Documents have an embedding_pk field, a reference to an Embedding model instance. Theis stores an embedding in the application database. This enables quickly repopulating vector backends, as well as some performance optimisations as we can get use generic foreign keys to return our related model instances.

Whenever we are working with VectorIndexs, we are working with Document objects but as a user, these Documents aren't usually what we want to be working with. We would prefer to deal with our models and Pages, and let the package transparently handle converting them back and forth to Documents.

This is where DocumentConverters come in.

DocumentConverter - storage/base.py

DocumentConverter is a protocol that defines how to convert an object to Documents and Documents back to an object.

To go from an object to a Document is usually a case of:

  1. Determining a representation of the object that should be embedded
  2. Splitting that representation up in to chunks to fit within the the embedding model's limit
  3. Generating embeddings for each chunk
  4. Returning one or more Document objects containing the embedding and some metadata about the original object

To go from a Document back to an object we have to rely on the Document metadata. This could be something like a primary key or UUID which will enable us to retrieve the original object from a database/filesystem, or it could be more complex metadata allowing us to reconstruct the object.

A Converter is also responsible for the creation of Embedding model instances.

Model-specific implementations - storage/models.py

While all of the above are intended to be generic and usable for any object type, the main use-case for wagtail-vector-index is to index Django models or Wagtail Pages.

For this, we implement specialised versions of these classes/protocols and some utilities around them that are more likely to be consumed by developers.

  • EmbeddableFieldsMixin is a way to let developers specify what fields of their model they want to index by adding the mixin and adding embedding_fields to a model.
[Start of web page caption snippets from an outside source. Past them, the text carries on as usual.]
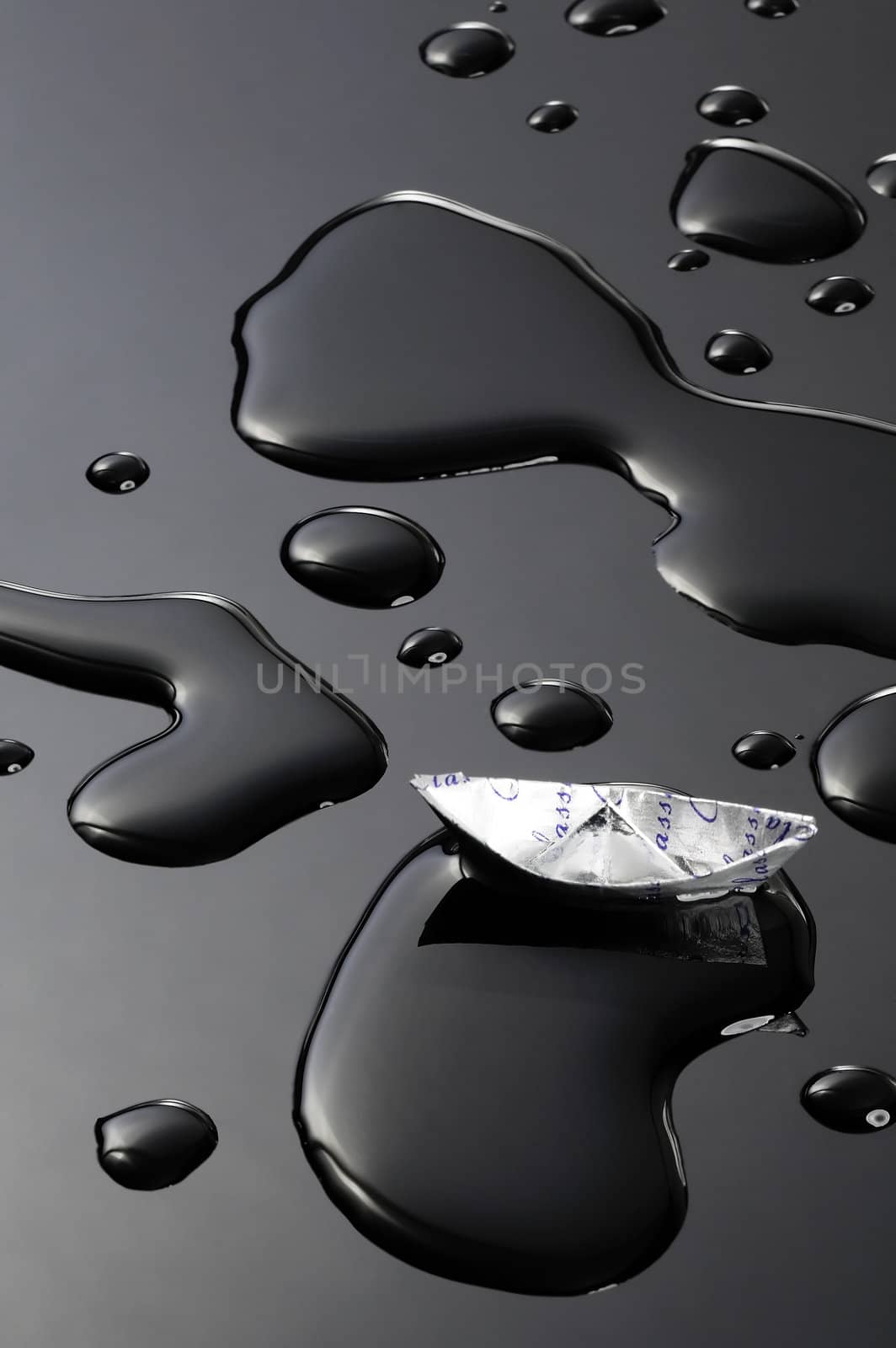 paper boat floating on water drops over black background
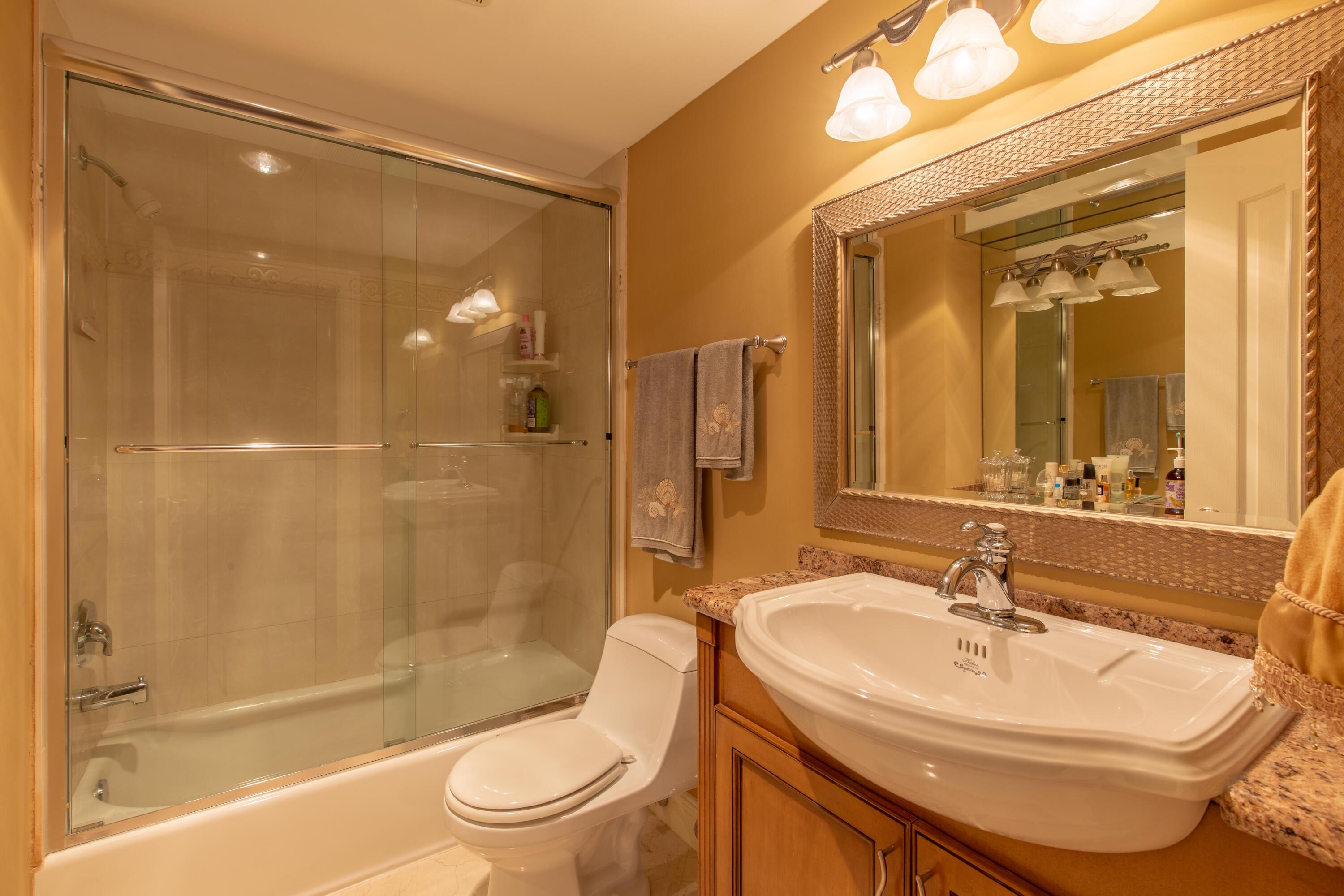 3605 South Ocean Boulevard South, Unit 103 South Palm Beach, FL 33480 - Photo 5 of 18 a bathroom with a sink and a mirror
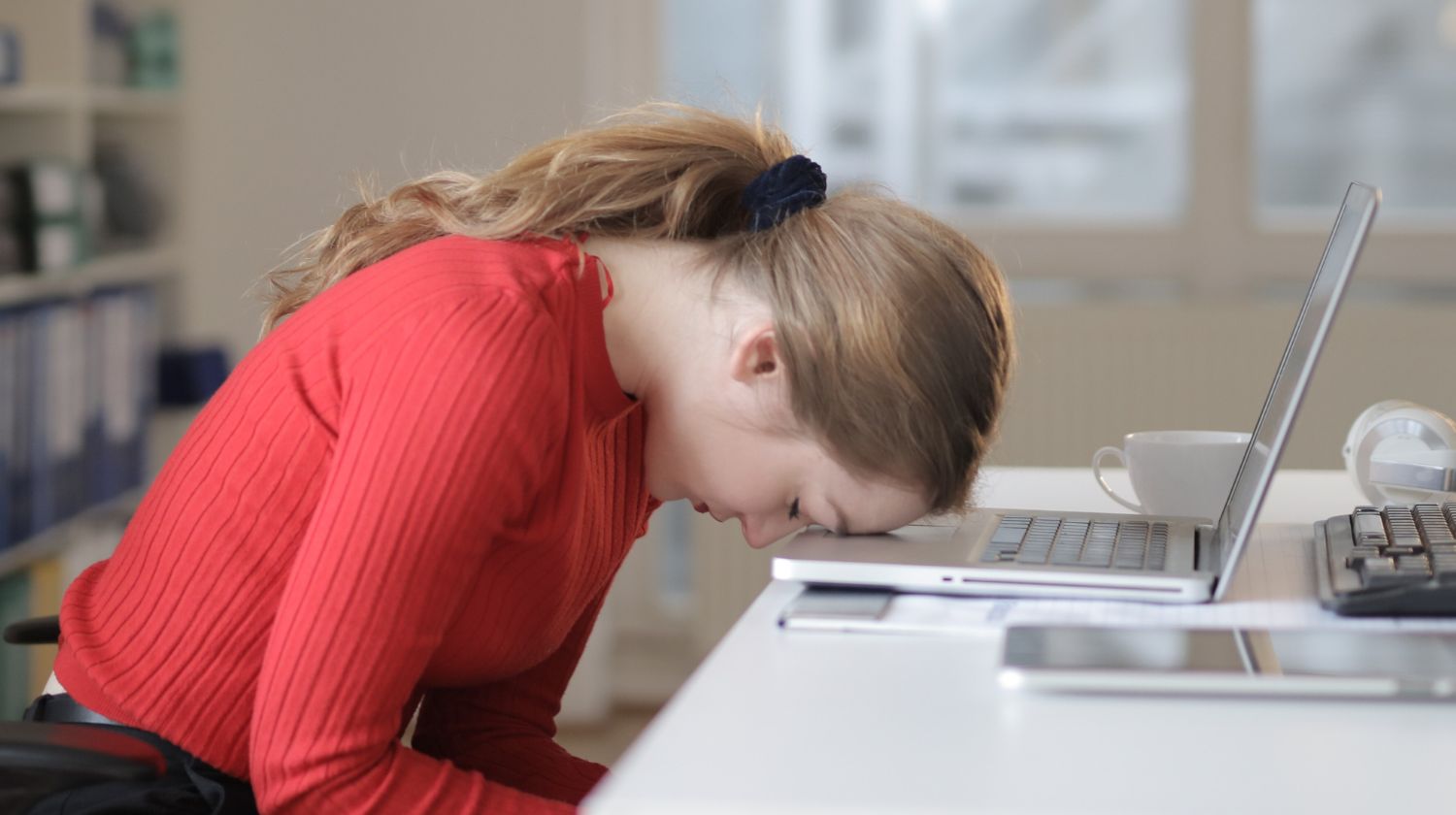 Žena glava na tastaturi otvoren laptop umor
This doesn't do anything interesting by itself.
  • EmbeddableFieldsDocumentConverter knows how to convert anything with the EmbeddableFieldsMixin to a document, and when instantiated with a base_model, knows how to convert Documents back to that base_model.
  • EmbeddableFieldsVectorIndexMixin can be subclassed with a list of QuerySets of models with EmbeddableFieldsMixin and manages the index for them. It uses EmbeddableFieldsDocumentConverter to shepherd documents back and forth.
  • GeneratedIndexMixin is a convenience mixin which allows a developer to access vector_index on their model to return an automatically generated EmbeddableFieldsVectorIndex.
  • VectorIndexedMixin combines GeneratedIndexMixin and EmbeddableFieldsMixin to create a single mixin that developers can use to easily implement wagtail-vector-index features without needing to know the underlying mixins.

In Summary

  • VectorIndexs are responsible for fetching all the documents to be indexed, the interfaces for searching those documents, and storing those documents in some StorageProvider. They have a get_converter method which returns an instance of DocumentConverter to ues for shepherding Documents.
  • DocumentConverters convert Documents to and from the type the user is dealing with. They might need to be specific to a certain model, or they could be written in a more generic way to convert based on metadata in the Document.